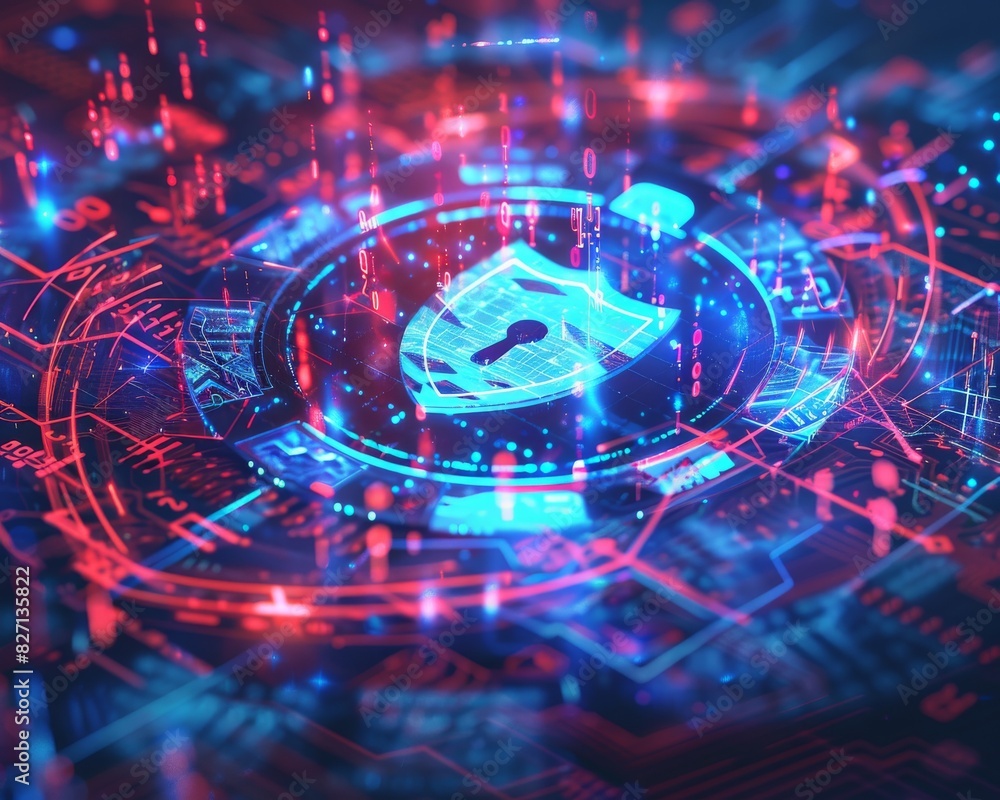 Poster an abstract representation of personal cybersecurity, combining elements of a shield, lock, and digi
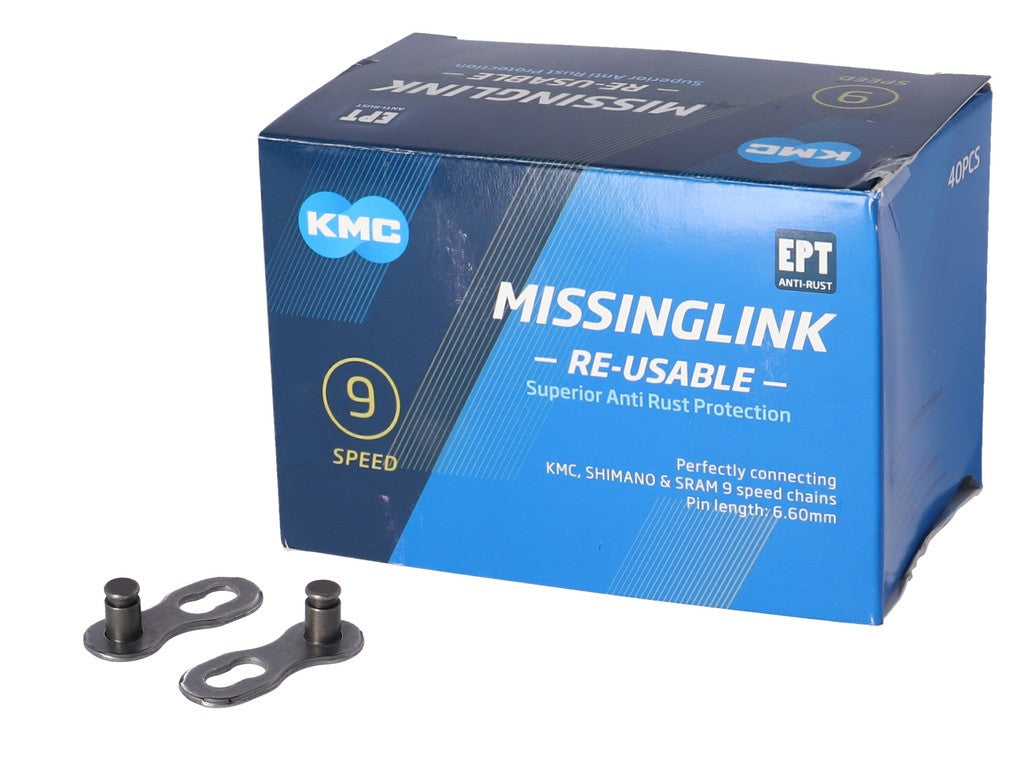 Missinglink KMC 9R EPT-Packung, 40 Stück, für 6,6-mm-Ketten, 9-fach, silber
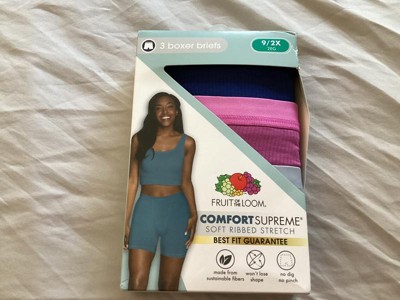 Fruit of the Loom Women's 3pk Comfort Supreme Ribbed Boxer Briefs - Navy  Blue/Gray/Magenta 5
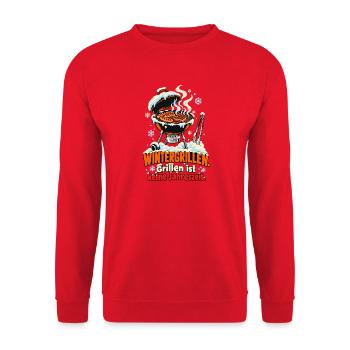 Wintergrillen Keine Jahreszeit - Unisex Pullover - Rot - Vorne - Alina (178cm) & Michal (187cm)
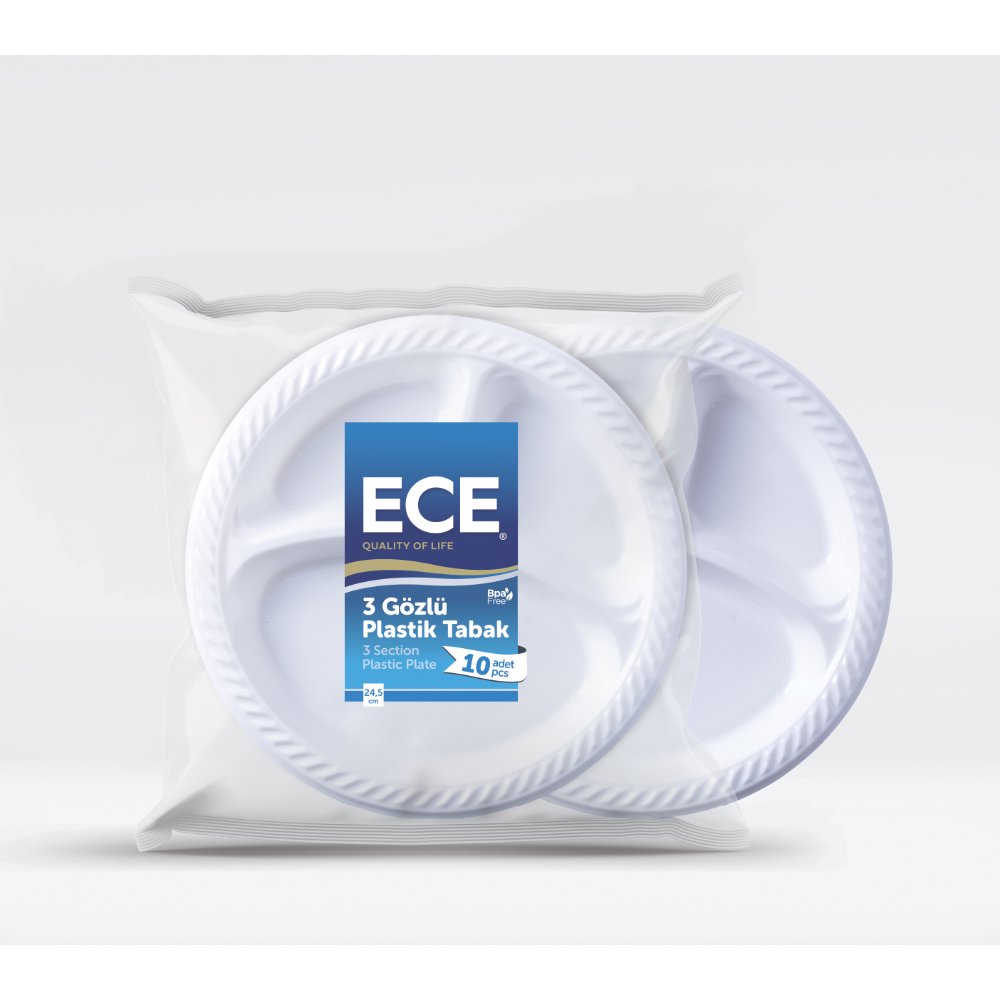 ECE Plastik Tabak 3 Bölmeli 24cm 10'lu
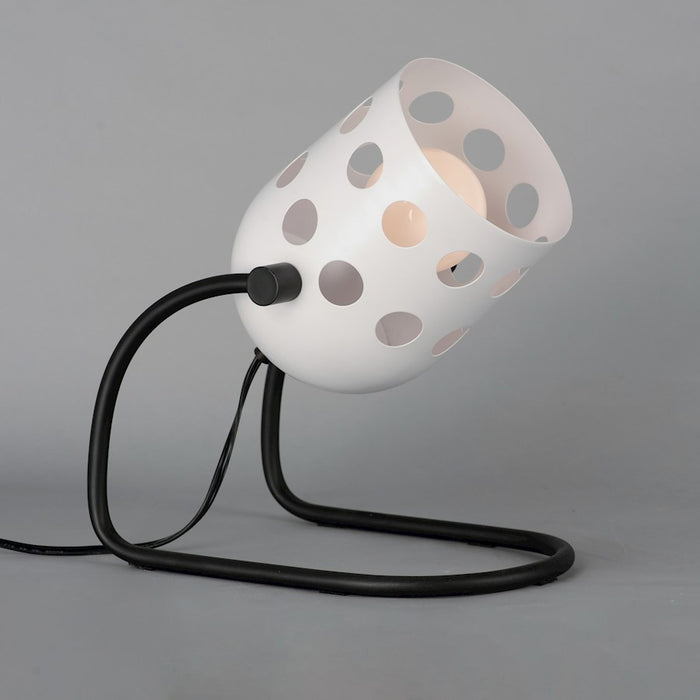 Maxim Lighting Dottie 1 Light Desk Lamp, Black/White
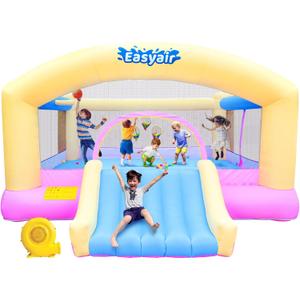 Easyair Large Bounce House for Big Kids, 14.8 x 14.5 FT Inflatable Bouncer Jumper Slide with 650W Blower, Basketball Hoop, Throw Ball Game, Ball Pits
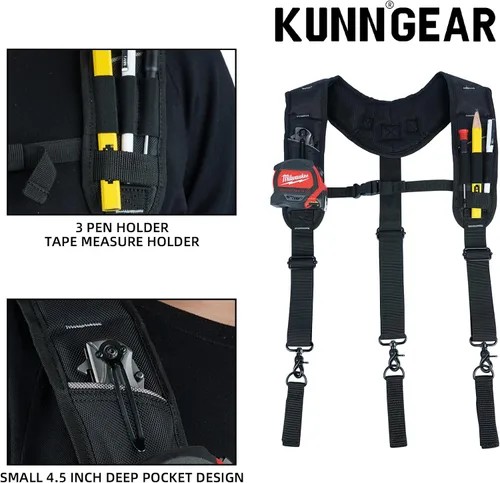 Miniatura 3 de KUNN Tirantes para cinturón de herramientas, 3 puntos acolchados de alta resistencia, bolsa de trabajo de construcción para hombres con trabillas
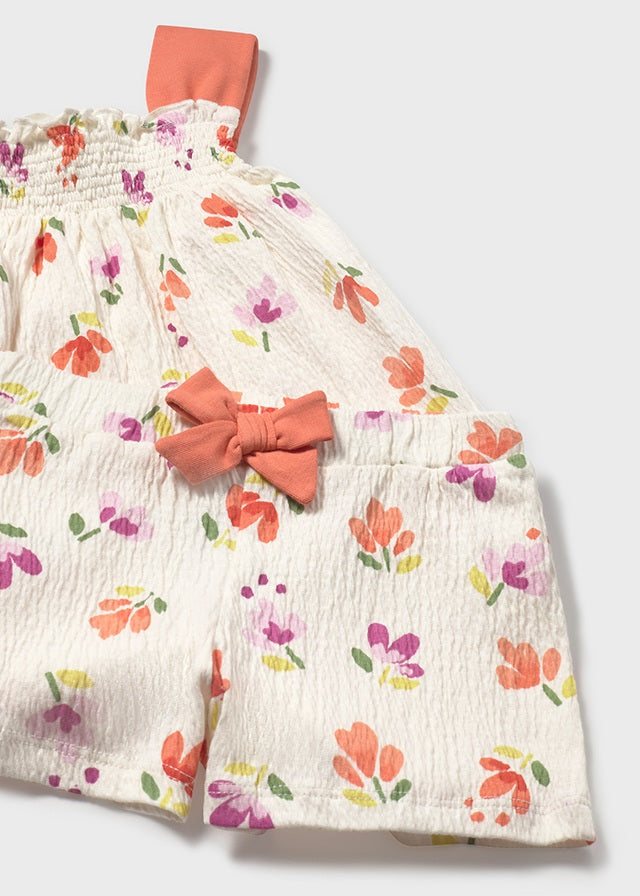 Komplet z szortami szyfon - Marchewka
━━━━
### DIRECTIONS FOR THIS TASK
What this calls for is a word-for-word copy of the listing above, pictures excluded.

### SOLUTION TO THIS PROBLEM
 Poster an abstract representation of personal cybersecurity, combining elements of a shield, lock, and digi
 Missinglink KMC 9R EPT-Packung, 40 Stück, für 6,6-mm-Ketten, 9-fach, silber
 Fruit of the Loom Women's 3pk Comfort Supreme Ribbed Boxer Briefs - Navy  Blue/Gray/Magenta 5
 Wintergrillen Keine Jahreszeit - Unisex Pullover - Rot - Vorne - Alina (178cm) & Michal (187cm)
 ECE Plastik Tabak 3 Bölmeli 24cm 10'lu
 Maxim Lighting Dottie 1 Light Desk Lamp, Black/White
 Easyair Large Bounce House for Big Kids, 14.8 x 14.5 FT Inflatable Bouncer Jumper Slide with 650W Blower, Basketball Hoop, Throw Ball Game, Ball Pits
 Miniatura 3 de KUNN Tirantes para cinturón de herramientas, 3 puntos acolchados de alta resistencia, bolsa de trabajo de construcción para hombres con trabillas
 Komplet z szortami szyfon - Marchewka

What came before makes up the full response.